If Bolling does run as an independent he could very will win. The crazies would vote for the Cooch and the Democrats (more like centrists) that make up the rest of the state might side with the moderates and elect him. The Democrats here have a terrible habit of nominating poor candidates or actual progressives who scare the crap out of the well off liberals who think their wallets will shrink.
Neoliberal business types like Warner are what wins.
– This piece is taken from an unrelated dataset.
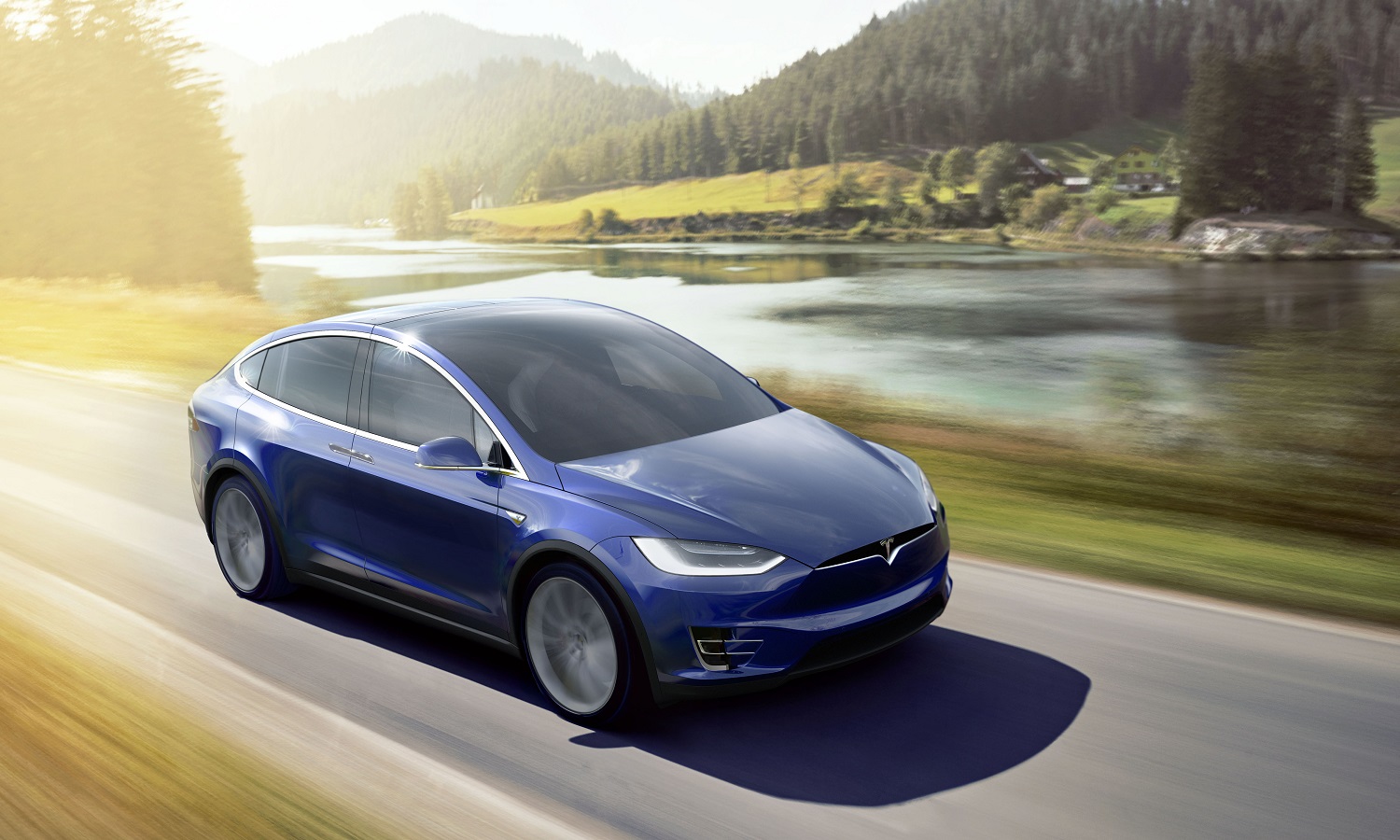 tesla-motors-model-x-nvidia_m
If it was for term limits we probably would have crowned him king.
SinDC, as someone who lives near Richmond, I agree with your assessment 100%!
I know this is giving the conservative Republicans FAR too much credit, but let me suggest a theory.
Could it be that the folks who run CPAC, knowing how far to the right the party base has moved (and how toxic the Republican brand is becoming), decided to exclude people like Christie and McDonnell in order to make them seem more moderate--thereby enhancing their future electability?
That's being pretty Machiavellian, but it is possible.
I posted the same sentiment the other day , but then I heard all the right wing talkies condemning Christie, and Levine actually called for Cantor to resign, and I realized that the base would never play ball in that type of scheme, they are too stupid.
Whatever will keep Transvaginal Bob out of national office is good by me.
Conservatives still have Michele Bachmann. They'll always have Michele Bachmann. Really, who else would take her?